Field courses provide European diversity at low cost

Pages 22-24 | Published online: 15 Dec 2015

Abstract

This article introduces the European field course programme in Environmental Management at London Metropolitan University. It shows how foreign field courses can provide student experience of European diversity at relatively low cost, at a time when finances have forced curtailment of many programmes elsewhere. The programme described allows students access to unfamiliar environments, utilizing the expertise of staff in host institutions.

Introduction

Within the disciplines that encompass environmental investigation, the specific value of field work experience has long been recognized (e.g. CitationBull & Church, 1995; Kent et al, 1997; Nairn et al, 2000. Fuller et al. 2003) and is invariably discovered anew by students participating for the first time and staff embarking on field-based tuition. Such field work in the tertiary sector has often been conducted overseas, primarily because specific environmental phenomena or communities that are the objects of the investigations do not occur in the UK, but an obvious secondary benefit has been the opportunities afforded to students to gain international experience. However, the extent of any field-based training has always been constrained by available resources.
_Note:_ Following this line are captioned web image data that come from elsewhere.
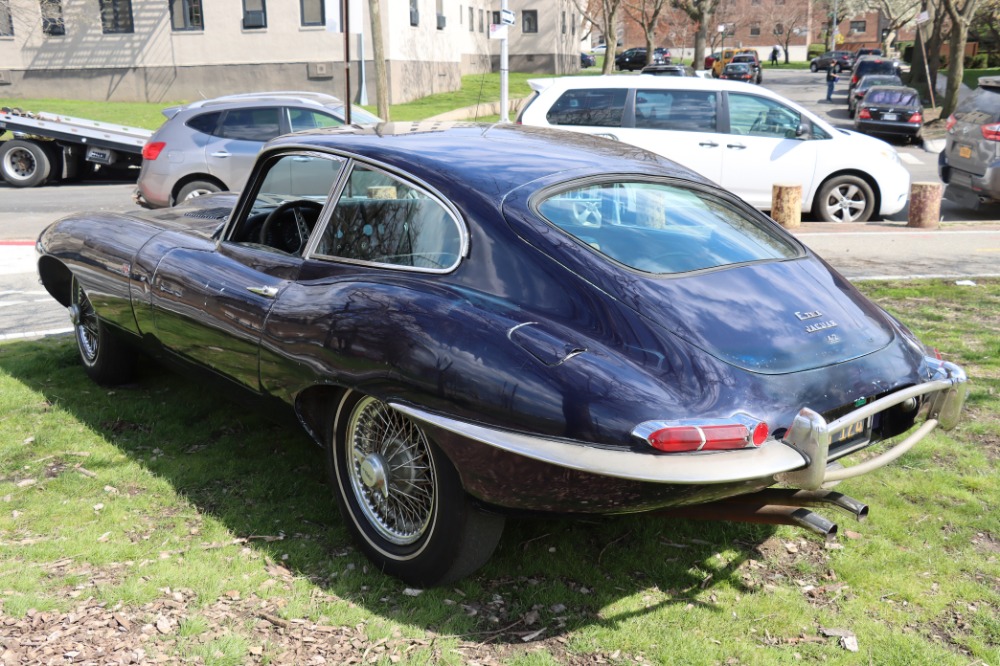 1965 Jaguar XKE 6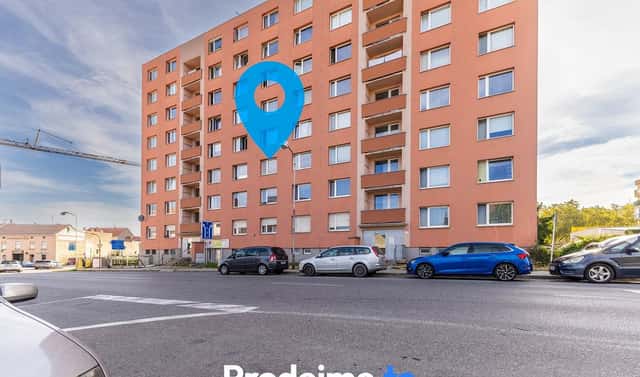 Prodej bytu 1+kk 21 m², Přímětická, Znojmo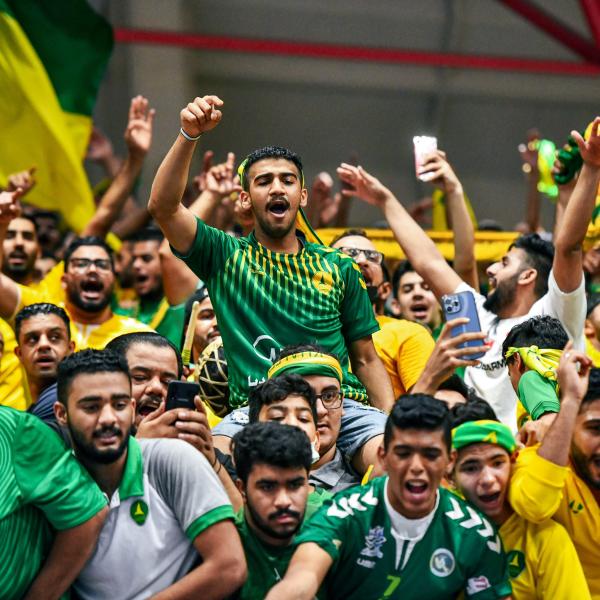 .. وعاد مجدك يا خليج!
In the first renaissance in environmental awareness in the 1970s in the UK, one result of the increased interest in environmental study was the expansion of university field course programmes. Subsequently, the reductions in resources through the 1980s resulted in reducing opportunities. Field courses particularly in Geography, Environmental Science/Management and Biology thus expanded and then contracted both in number and distance to location. It could be argued that this has resulted in fewer students having the opportunity also to combine a field study experience with the stimulation afforded by working in foreign situations, as the inevitably more expensive field courses have increasingly been replaced by lower-cost courses run ‘at home’. A significant consequence has been that fewer students have access to even this minimal level of international contact, even though such contact should be one of the important opportunities available to tertiary level students, especially in the GEES disciplines.

Range of international experience available at London Metropolitan University

At London Metropolitan, we have been able to continue to provide and, even expand, our provision of field courses held abroad in spite of facing the same financial constraints as elsewhere. Our ability to offer levels of international experience to our students has therefore been maintained, partly by such field courses and partly through other means. Students can gain international experience through our Environmental Management degree course in the following ways:

  1. Mixing with their peers, a significant proportion of whom are not UK nationals;

  2. Mixing with exchange students from Germany, Spain or the USA;

  3. Becoming an exchange student and spending a semester studying abroad;

  4. Attending our second year field course, which is now always attended by students from Germany;

  5. Attending our third year field course, which is always ‘international’.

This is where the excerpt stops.